▸ **Required work**
Your copy of the listing should be exact and should contain no pictures.

▸ **Data supplied**
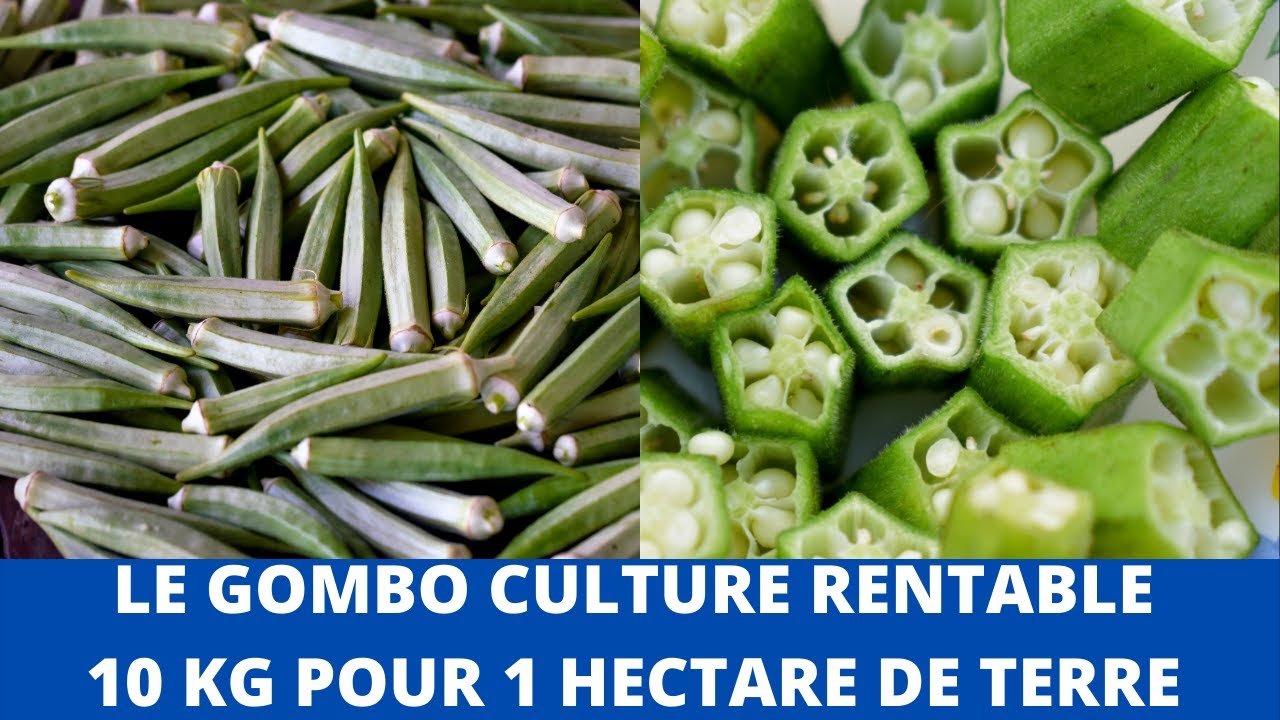 LE GOMBO CULTURE  TRÈS RENTABLE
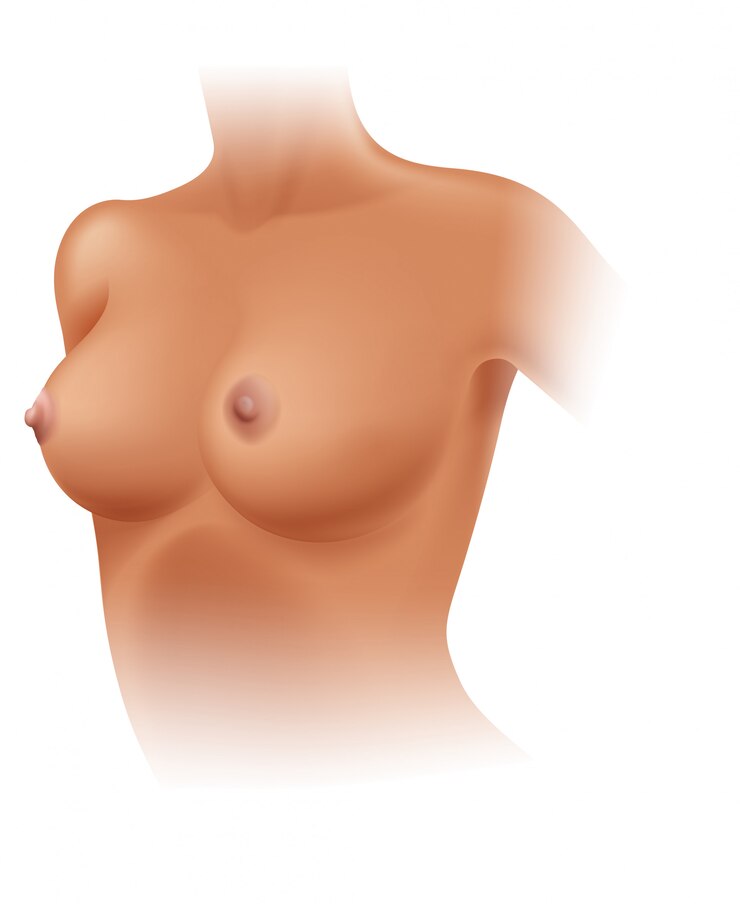 Vector anatomía de la mama femenina en el fondo blanco
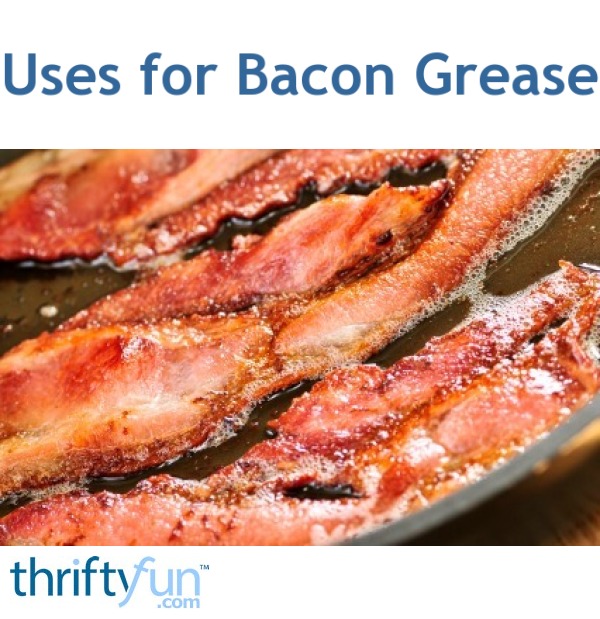 Uses for Bacon Grease ThriftyFun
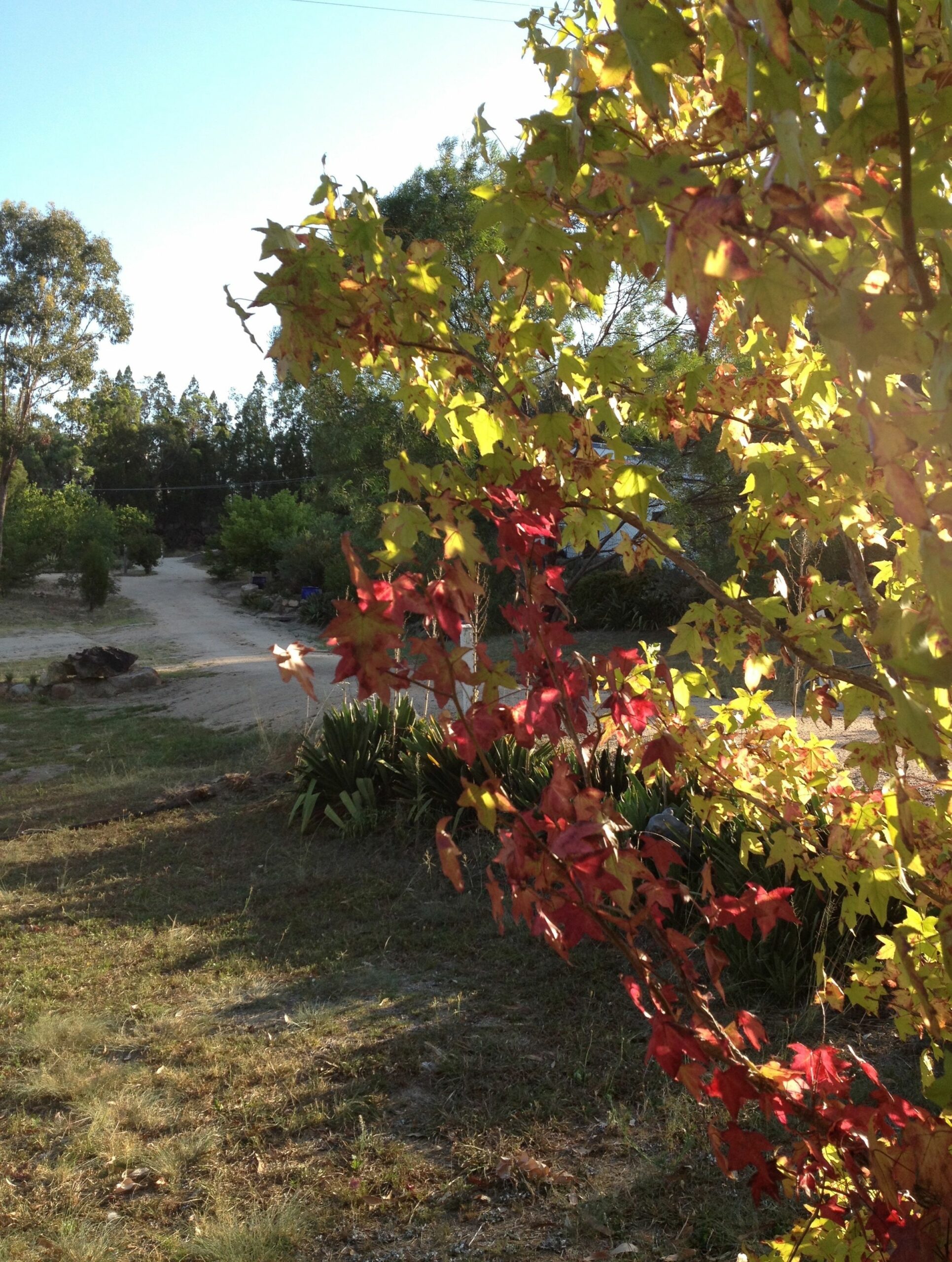 Glen Aplin Gardens B&B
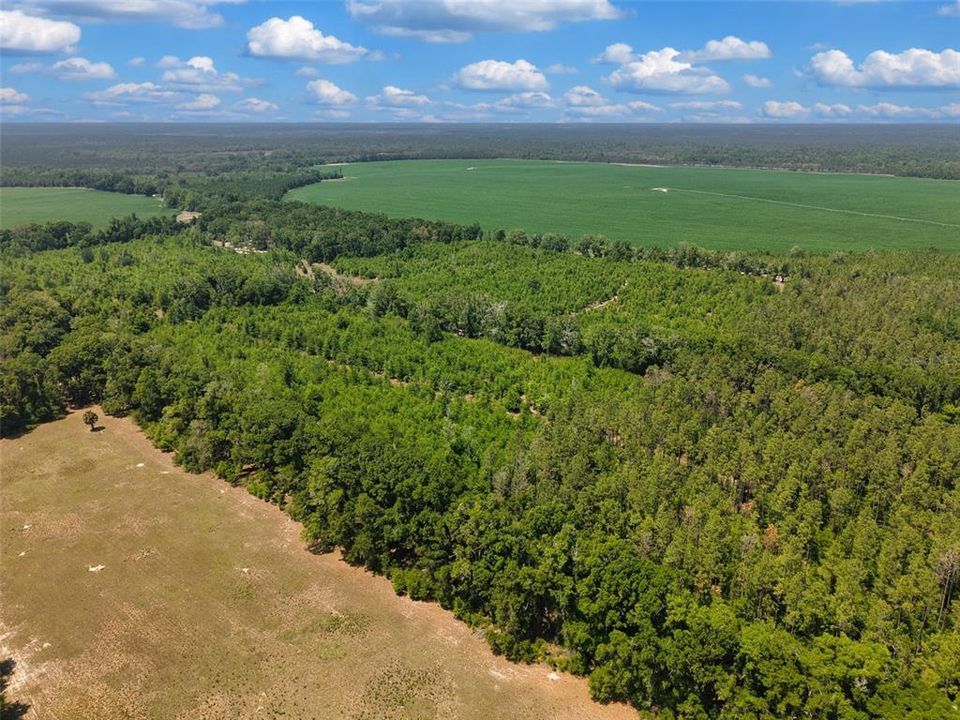 En Venta: $180,000 (20.00 acres)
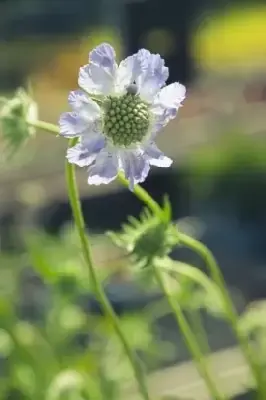 SCABIOSA caucasica 'Goldingensis' - image 2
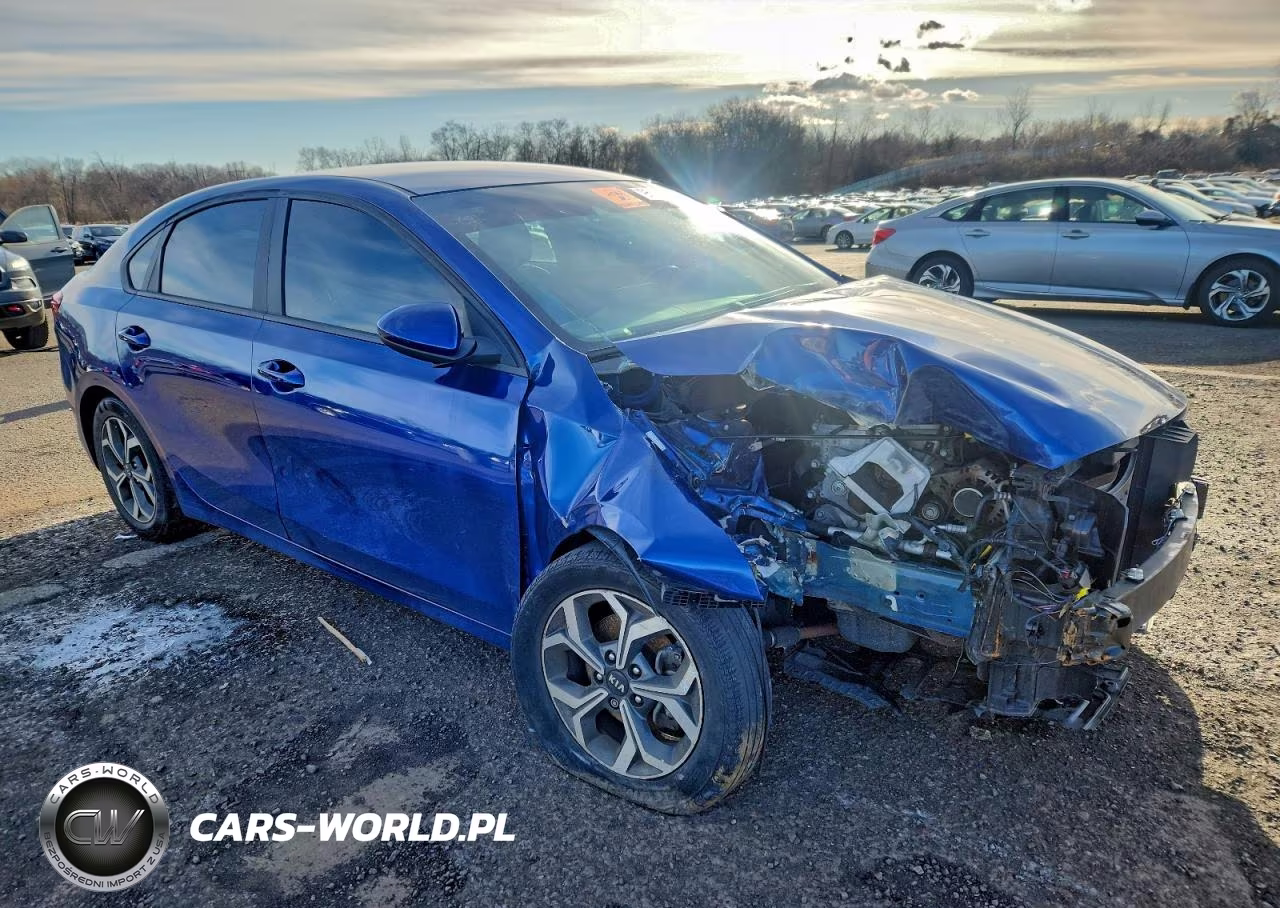 2020 Kia Forte Fe VIN:3KPF24AD5LE262265 - 4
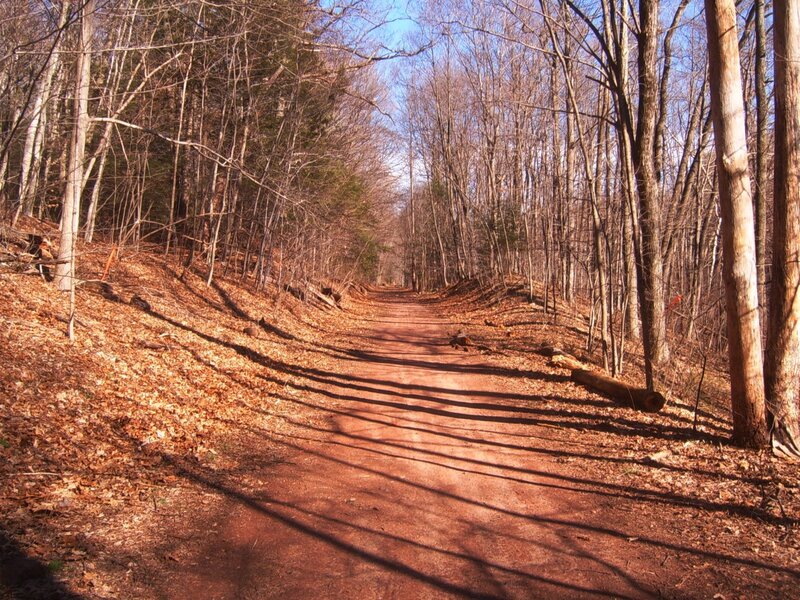 Dirt Path in Forest — Brown, Serene, Autumn, Photograph, Trees, Leaves, Shadows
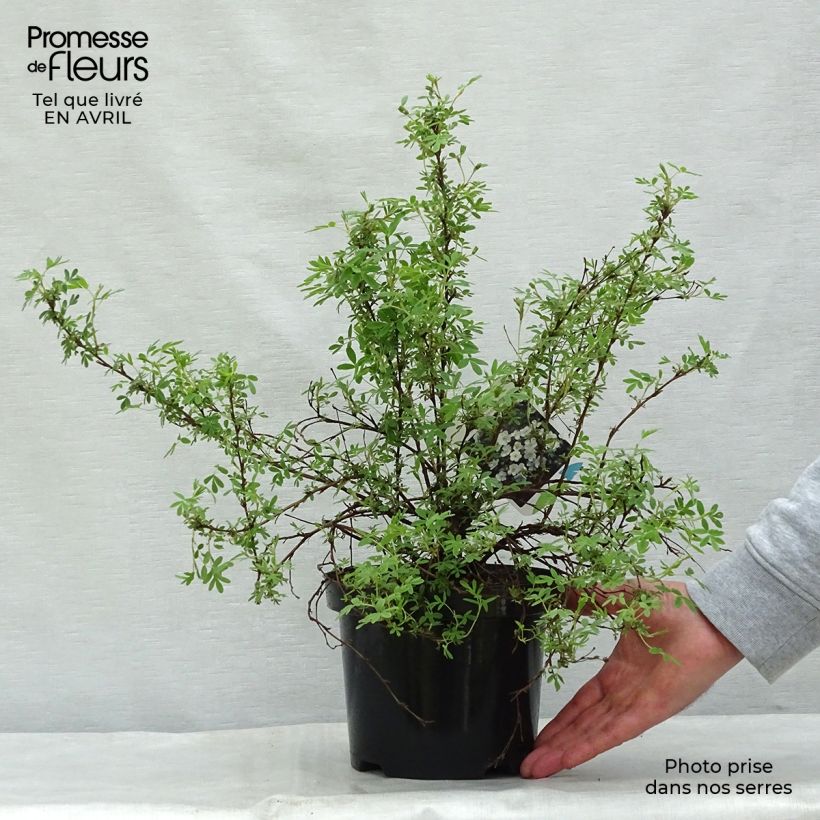 Example of Potentilla fruticosa Abbotswood - Struikganzerik Pot van 2 l/3 l as you get in printemps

▸ **Solution for this problem**
 LE GOMBO CULTURE  TRÈS RENTABLE
 Vector anatomía de la mama femenina en el fondo blanco
 Uses for Bacon Grease ThriftyFun
 Glen Aplin Gardens B&B
 En Venta: $180,000 (20.00 acres)
 SCABIOSA caucasica 'Goldingensis' - image 2
 2020 Kia Forte Fe VIN:3KPF24AD5LE262265 - 4
 Dirt Path in Forest — Brown, Serene, Autumn, Photograph, Trees, Leaves, Shadows
 Example of Potentilla fruticosa Abbotswood - Struikganzerik Pot van 2 l/3 l as you get in printemps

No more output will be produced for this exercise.